*** RECORD EXCERPTS

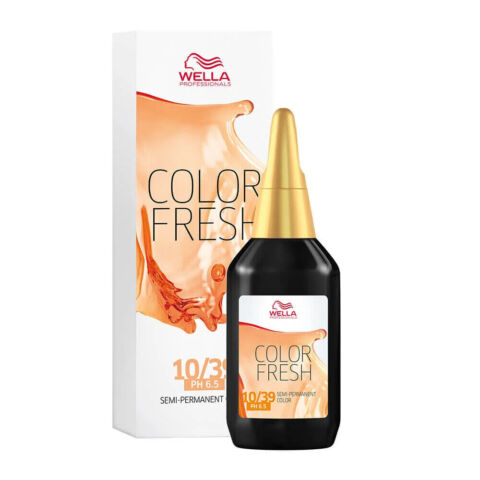 Wella Color Fresh Semi Permanent Colour 75m 10/39 Lightest Blonde Gold Cendre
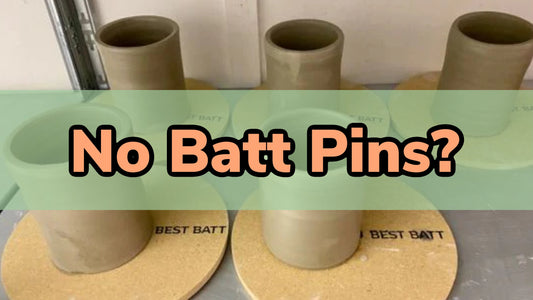 Can you use pottery batts without batt pins?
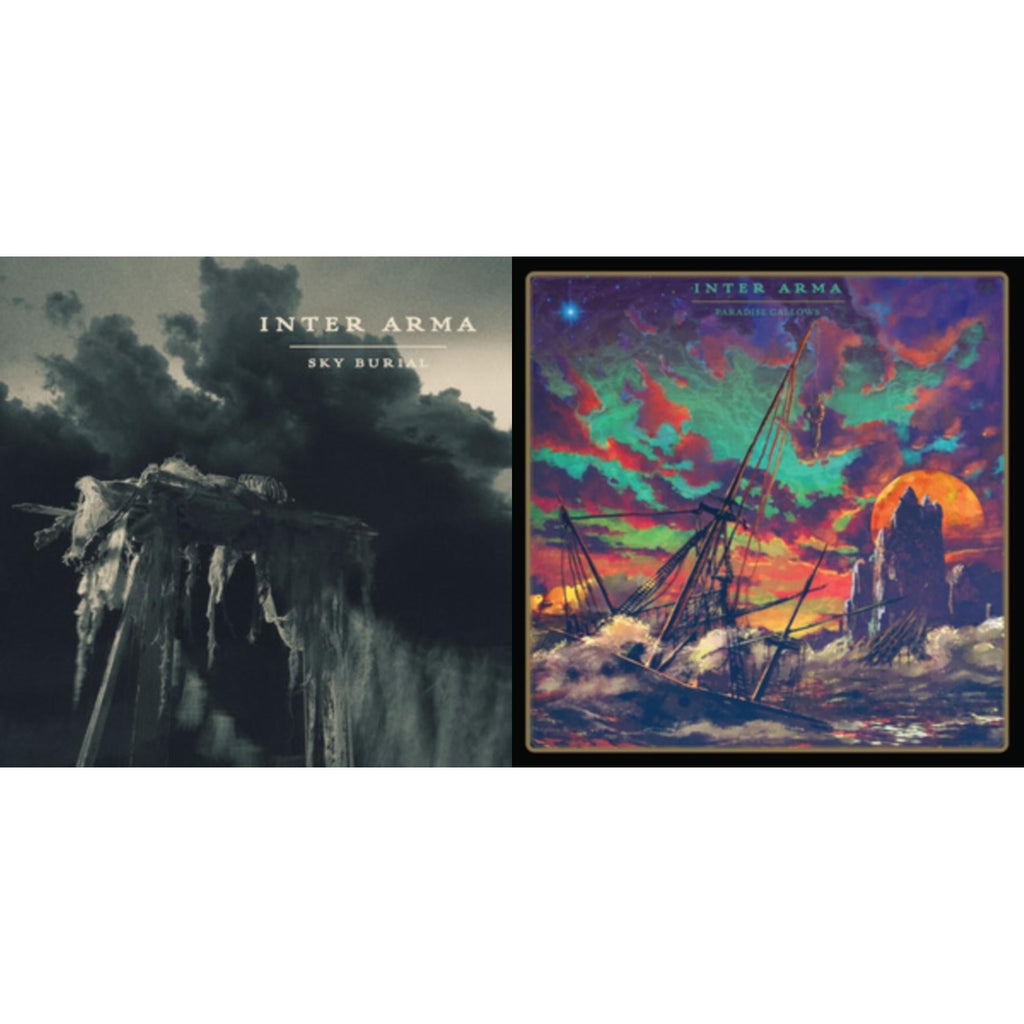 Inter Arma - Paradise Gallows (Mint Green & Grimace Purple Galaxy Merge Vinyl/2LP) & Sulphur English (Gold Nugget Vinyl/2LP)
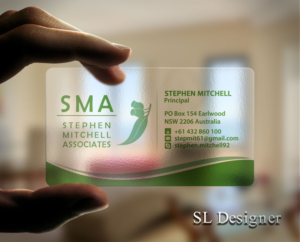 Design de Carte de Visite par SL Designer pour Stephen Mitchell Associates | Design : #7671022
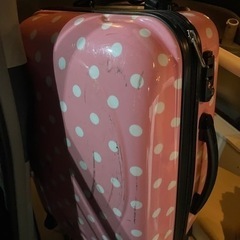 無料　キャリーケース　スーツケース　ピンク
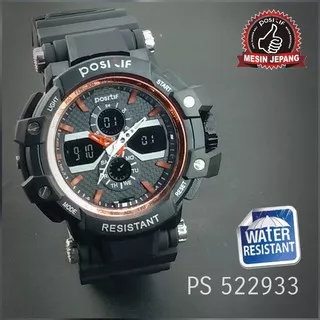 Positif 522933 Jam Tangan Pria Digital Analog Sport Double Time 100% Anti Air    BONUS: - Free Box O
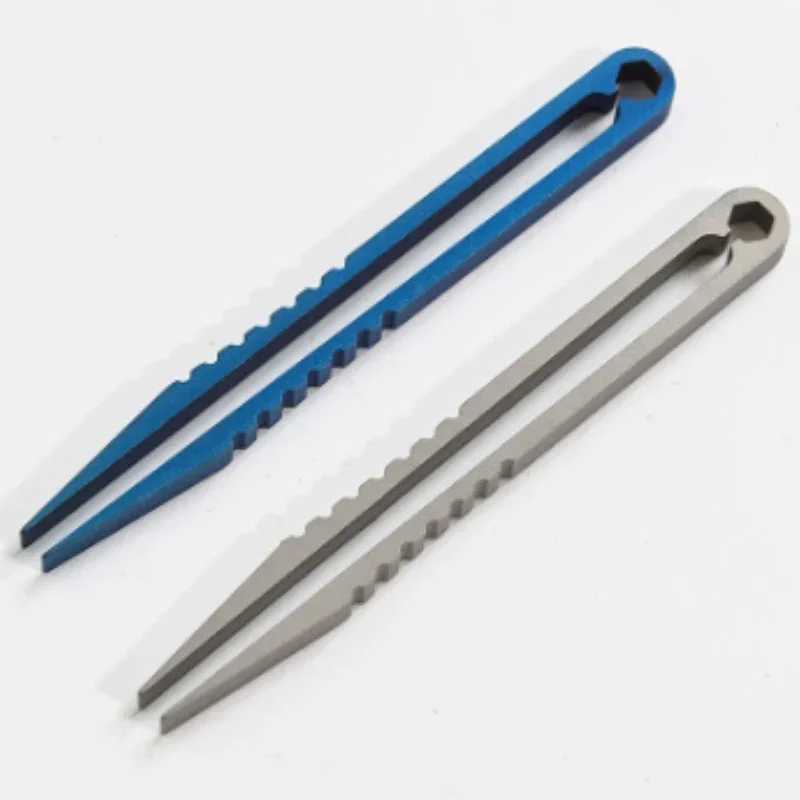 1pc Tweezers Titanium Lightweight Pickup Clamping MultiPurpose Gadget Professional Camp Outdoor Pocket Maintenance Tool J251121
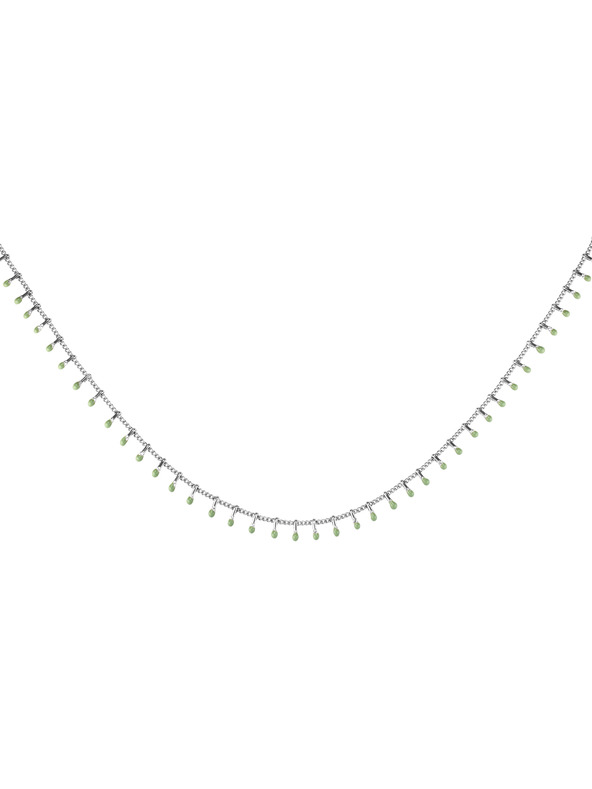 Rosefield Rosefield obesek srebrne barve Drop Chain JNDCS-J681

******

TASK STATEMENT:
Locate "Can you use pottery batts without batt pins?" in the listing above, then print exactly the lines from that line through the final one, omitting all pictures.

ANSWER BOX:
 Can you use pottery batts without batt pins?
 Inter Arma - Paradise Gallows (Mint Green & Grimace Purple Galaxy Merge Vinyl/2LP) & Sulphur English (Gold Nugget Vinyl/2LP)
 Design de Carte de Visite par SL Designer pour Stephen Mitchell Associates | Design : #7671022
 無料　キャリーケース　スーツケース　ピンク
 Positif 522933 Jam Tangan Pria Digital Analog Sport Double Time 100% Anti Air    BONUS: - Free Box O
 1pc Tweezers Titanium Lightweight Pickup Clamping MultiPurpose Gadget Professional Camp Outdoor Pocket Maintenance Tool J251121
 Rosefield Rosefield obesek srebrne barve Drop Chain JNDCS-J681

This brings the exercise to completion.